Judge explains acquittal of 15 of the 20 counts facing State Sen. Katrina Robinson
Judge Cheryl Lipman says prosecution did not provide sufficient evidence
MEMPHIS, Tenn. (WMC) - Less than 24 hours after Judge Cheryl Lipman acquitted Tennessee State Senator Katrina Robinson of 15 of the 20 charges facing her, Robinson arrived at the federal courthouse in Downtown Memphis Monday morning to begin week three of her trial.
There was no jury Monday, only an oral ruling from Lipman on her reasoning for the acquittal.
The 15 counts involved counts 1-4, 5-10, and 13-17.
Counts 1-4 were the embezzlement charges.
Up until this point, it was alleged that Robinson spent an estimated $586,000 in federal grant money on personal purchases.
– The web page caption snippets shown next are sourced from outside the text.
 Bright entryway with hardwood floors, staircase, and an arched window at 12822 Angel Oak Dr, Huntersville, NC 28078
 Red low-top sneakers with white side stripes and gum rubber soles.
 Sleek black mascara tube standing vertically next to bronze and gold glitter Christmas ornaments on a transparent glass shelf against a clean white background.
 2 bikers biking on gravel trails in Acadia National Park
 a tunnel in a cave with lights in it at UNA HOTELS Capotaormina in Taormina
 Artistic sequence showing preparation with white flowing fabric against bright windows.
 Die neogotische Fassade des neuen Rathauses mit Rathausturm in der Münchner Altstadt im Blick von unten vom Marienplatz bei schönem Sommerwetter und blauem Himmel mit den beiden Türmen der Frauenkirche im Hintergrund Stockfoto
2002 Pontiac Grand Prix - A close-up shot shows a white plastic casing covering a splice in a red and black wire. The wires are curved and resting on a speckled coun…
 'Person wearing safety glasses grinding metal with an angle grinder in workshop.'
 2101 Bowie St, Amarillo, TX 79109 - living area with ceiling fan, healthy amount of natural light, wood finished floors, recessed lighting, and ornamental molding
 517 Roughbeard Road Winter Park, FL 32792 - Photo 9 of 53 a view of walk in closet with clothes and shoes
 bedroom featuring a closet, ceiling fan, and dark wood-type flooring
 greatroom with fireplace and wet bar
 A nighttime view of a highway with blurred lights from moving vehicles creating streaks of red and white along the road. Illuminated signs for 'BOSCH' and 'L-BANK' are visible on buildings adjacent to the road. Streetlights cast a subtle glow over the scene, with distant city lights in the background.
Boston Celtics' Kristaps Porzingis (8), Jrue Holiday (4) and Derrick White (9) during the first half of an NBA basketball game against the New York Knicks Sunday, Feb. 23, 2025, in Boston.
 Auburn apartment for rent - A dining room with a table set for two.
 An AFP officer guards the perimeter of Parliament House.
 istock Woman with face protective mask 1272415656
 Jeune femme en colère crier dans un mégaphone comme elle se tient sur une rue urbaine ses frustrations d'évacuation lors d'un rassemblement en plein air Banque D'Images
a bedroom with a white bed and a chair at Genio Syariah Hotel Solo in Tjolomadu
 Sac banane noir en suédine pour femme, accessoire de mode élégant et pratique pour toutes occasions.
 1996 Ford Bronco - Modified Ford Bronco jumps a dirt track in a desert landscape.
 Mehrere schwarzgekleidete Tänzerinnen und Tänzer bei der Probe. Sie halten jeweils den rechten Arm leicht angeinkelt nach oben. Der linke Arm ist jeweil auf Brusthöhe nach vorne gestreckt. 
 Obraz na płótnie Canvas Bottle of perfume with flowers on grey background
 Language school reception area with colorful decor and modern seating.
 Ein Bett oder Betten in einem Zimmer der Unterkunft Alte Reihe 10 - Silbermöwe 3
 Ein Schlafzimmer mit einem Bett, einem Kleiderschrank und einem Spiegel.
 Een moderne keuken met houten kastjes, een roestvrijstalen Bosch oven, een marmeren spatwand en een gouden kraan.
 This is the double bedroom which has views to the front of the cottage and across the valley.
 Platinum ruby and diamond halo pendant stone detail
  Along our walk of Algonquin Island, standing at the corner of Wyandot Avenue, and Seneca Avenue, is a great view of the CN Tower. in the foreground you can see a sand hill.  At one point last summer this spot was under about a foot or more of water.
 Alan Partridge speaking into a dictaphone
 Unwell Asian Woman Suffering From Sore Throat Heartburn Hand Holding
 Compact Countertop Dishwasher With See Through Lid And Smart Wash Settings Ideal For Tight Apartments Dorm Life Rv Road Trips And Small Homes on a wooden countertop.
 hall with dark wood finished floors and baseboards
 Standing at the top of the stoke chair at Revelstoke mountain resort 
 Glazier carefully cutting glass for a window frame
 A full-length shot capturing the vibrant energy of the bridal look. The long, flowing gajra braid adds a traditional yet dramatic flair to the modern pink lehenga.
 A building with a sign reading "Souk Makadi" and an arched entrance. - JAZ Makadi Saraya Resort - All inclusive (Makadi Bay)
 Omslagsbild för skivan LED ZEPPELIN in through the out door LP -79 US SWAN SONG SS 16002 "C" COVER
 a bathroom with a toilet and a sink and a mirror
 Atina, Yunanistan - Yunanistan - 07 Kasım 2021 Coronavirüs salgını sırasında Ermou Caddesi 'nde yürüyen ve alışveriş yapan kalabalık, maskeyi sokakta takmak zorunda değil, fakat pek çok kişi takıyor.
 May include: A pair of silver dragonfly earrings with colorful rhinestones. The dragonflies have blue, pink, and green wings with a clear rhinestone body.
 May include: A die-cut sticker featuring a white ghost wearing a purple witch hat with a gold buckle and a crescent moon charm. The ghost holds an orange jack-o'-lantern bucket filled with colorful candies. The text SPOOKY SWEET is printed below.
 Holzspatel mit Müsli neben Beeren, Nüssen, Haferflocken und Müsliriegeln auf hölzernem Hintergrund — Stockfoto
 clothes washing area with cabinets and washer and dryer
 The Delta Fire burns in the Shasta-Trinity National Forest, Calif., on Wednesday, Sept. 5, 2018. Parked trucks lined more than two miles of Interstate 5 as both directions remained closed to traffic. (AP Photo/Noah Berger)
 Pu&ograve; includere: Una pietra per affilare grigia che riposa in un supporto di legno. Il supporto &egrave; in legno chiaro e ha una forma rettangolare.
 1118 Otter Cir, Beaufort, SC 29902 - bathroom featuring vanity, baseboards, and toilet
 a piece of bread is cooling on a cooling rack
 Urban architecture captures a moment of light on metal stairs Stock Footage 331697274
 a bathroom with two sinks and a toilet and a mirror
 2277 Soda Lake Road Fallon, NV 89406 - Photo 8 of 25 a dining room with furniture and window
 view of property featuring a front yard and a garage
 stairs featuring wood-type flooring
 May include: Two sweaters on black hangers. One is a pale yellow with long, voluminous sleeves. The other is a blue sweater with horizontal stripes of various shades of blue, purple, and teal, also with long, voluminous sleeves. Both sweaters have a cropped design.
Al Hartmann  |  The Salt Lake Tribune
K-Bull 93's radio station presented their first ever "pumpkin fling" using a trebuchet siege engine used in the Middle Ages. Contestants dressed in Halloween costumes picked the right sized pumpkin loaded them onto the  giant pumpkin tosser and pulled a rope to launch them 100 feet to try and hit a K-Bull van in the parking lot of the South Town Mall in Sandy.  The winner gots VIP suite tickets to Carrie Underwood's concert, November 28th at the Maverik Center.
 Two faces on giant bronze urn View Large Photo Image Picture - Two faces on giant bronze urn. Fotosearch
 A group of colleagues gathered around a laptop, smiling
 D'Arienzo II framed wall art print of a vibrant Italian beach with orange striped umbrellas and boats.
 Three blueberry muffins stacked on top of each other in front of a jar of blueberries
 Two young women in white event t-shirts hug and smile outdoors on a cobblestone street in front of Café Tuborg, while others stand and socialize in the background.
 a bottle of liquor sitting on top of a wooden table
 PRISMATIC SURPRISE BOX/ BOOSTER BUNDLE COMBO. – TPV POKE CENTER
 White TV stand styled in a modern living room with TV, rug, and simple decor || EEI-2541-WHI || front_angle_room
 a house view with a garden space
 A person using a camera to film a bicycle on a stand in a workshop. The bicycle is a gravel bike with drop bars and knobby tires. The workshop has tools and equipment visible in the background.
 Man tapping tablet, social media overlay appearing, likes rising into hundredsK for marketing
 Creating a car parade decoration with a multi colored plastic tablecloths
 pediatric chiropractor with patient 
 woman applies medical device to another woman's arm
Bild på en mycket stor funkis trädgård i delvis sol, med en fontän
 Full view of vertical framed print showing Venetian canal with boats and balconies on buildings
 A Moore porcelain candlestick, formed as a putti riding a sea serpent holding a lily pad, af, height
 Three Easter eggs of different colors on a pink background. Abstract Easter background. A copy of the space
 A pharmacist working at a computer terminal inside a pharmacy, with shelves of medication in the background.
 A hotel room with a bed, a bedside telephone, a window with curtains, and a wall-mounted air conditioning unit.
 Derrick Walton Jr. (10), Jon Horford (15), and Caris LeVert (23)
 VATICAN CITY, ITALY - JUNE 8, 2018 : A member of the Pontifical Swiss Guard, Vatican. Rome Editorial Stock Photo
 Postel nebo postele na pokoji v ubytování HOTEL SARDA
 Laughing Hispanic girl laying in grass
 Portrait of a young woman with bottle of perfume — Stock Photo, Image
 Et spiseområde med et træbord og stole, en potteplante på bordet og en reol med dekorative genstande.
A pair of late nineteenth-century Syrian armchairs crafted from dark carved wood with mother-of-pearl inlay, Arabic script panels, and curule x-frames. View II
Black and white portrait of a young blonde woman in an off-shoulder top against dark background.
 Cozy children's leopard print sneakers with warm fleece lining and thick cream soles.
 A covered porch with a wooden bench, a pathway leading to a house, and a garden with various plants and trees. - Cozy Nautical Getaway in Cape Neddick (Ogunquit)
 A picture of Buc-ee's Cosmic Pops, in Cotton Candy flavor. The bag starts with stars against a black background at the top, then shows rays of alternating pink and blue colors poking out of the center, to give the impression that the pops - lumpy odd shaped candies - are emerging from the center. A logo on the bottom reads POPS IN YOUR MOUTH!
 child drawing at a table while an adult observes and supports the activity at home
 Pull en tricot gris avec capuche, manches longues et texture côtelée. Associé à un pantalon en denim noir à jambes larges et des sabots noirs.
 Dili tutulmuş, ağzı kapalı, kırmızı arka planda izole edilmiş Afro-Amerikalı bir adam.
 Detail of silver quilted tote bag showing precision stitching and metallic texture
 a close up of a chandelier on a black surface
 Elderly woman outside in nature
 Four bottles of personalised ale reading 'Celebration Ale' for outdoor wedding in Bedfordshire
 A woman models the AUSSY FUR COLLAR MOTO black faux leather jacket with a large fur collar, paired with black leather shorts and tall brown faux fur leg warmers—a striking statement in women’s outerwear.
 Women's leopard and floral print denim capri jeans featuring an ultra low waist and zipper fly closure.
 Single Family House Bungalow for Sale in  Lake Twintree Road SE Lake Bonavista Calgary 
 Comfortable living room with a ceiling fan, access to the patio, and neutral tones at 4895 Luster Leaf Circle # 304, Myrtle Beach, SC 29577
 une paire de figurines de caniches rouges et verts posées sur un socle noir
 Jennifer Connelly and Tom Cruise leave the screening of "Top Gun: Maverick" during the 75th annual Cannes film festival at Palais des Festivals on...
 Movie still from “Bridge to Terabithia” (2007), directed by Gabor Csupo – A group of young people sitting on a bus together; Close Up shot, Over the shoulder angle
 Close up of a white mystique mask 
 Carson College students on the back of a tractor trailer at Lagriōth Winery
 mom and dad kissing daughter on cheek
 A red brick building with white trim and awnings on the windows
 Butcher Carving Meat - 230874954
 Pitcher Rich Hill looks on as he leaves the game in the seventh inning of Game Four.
Lipman stated the prosecution’s key witness, FBI forensic accountant Victoria Howell, was inconsistent in her report and that her math doesn’t add up.
Counts 5-10 and 13-17 were for wire fraud, and Lipman simply explained the prosecution failed to prove without a shadow of a doubt that Robinson committed this crime.
Now, those charges have been done away with, but charges 11, 12, and 18-20, all wire fraud charges, are still on the table.
“I certainly believe the judge was correct in dismissing the charges that she dismissed,” said Democratic state senator for TN-93, G.A. Hardaway.
Hardaway was present at the court session in support of Robinson, along with State Senator Sara Kyle and other friends and relatives.
He spoke with media after court adjourned for the day, advocating that Robinson has been a vital state delegate in Nashville.
“[Robinson’s] personal, professional, political future is bright,” Hardaway said. “It’s been damaged in having to fight these charges, but we believe justice will prevail.”
After Lipman explained her reasons for the acquittal, Robinson’s defense called for a mistrial with a bar on an appeal, meaning the prosecution could not have a do-over in charging Robinson and taking her to court.
The prosecution recently changed their theory of the case, that instead of stealing HRSA grant money intended for her business, The Healthcare Institute (THI), for personal use, Robinson misused THI funds for personal use.
This is what the defense said justified their reasoning for a mistrial, and Lipman agreed that under normal circumstances, a change in theory this far into the case would result in a mistrial.
However, due to the uniqueness of the case, Lipman is allowing the trial to resume and also added the new theory fits the remaining wire fraud charges facing Robinson.
Lipman was very clear, though, that the prosecution’s shift in theory is “inappropriate” and “just not fair.”
The defense seemed to have a plan for any outcome, whether Lipman was to agree to a mistrial or not.
Robinson, who has been silent during this entire trial, stood before Lipman and said, “I would like to proceed with the trial.”
“We all believe in the American justice system that you are innocent until proven guilty,” Hardaway said.
The defense estimates they need no more than two days before resting their case.
Robinson’s trial continues Tuesday at 1 p.m.